Use tiktoken for OpenAI-family models. Anthropic, Google, and others expose their own counters; the pattern is identical.

import tiktoken

enc = tiktoken.encoding_for_model("gpt-4o-mini")

def count_tokens(text: str) -> int:
    return len(enc.encode(text))

def estimate_cost(prompt: str, expected_output_tokens: int,
                  in_price=0.15, out_price=0.60):
    # Prices are per 1M tokens; adjust to your model.
    in_tok = count_tokens(prompt)
    cost = (in_tok / 1_000_000) * in_price \
         + (expected_output_tokens / 1_000_000) * out_price
    return in_tok, cost

prompt = "Summarize the following article in three bullets...\n\n" + open("doc.txt").read()
in_tok, dollars = estimate_cost(prompt, expected_output_tokens=150)
print(f"Input tokens: {in_tok}, est cost: ${dollars:.5f}")
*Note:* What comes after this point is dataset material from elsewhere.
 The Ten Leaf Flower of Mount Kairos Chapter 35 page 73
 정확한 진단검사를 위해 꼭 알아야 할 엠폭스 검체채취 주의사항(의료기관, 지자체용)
For chat messages, remember to add the small per-message overhead (3-4 tokens for role and separator markers). The exact value is documented per model.

Trade-offs

There is real tension between quality and spend. Tactics to cut tokens often nudge quality down.

  • Shorter system prompts save tokens on every call, but vague instructions hurt accuracy.
  • Smaller retrieval top_k is cheaper but raises the chance of missing the right chunk.
  • Smaller models are 5-20x cheaper but may need few-shot examples to match quality, which eats some of the savings.
  • Truncating chat history keeps costs flat over long conversations but the model forgets earlier turns.

The right answer is almost always “measure, then trim.” Premature aggressive trimming makes the model look dumb in ways that erode user trust faster than the bill grows.

Practical Tips

A handful of patterns consistently produce the biggest savings.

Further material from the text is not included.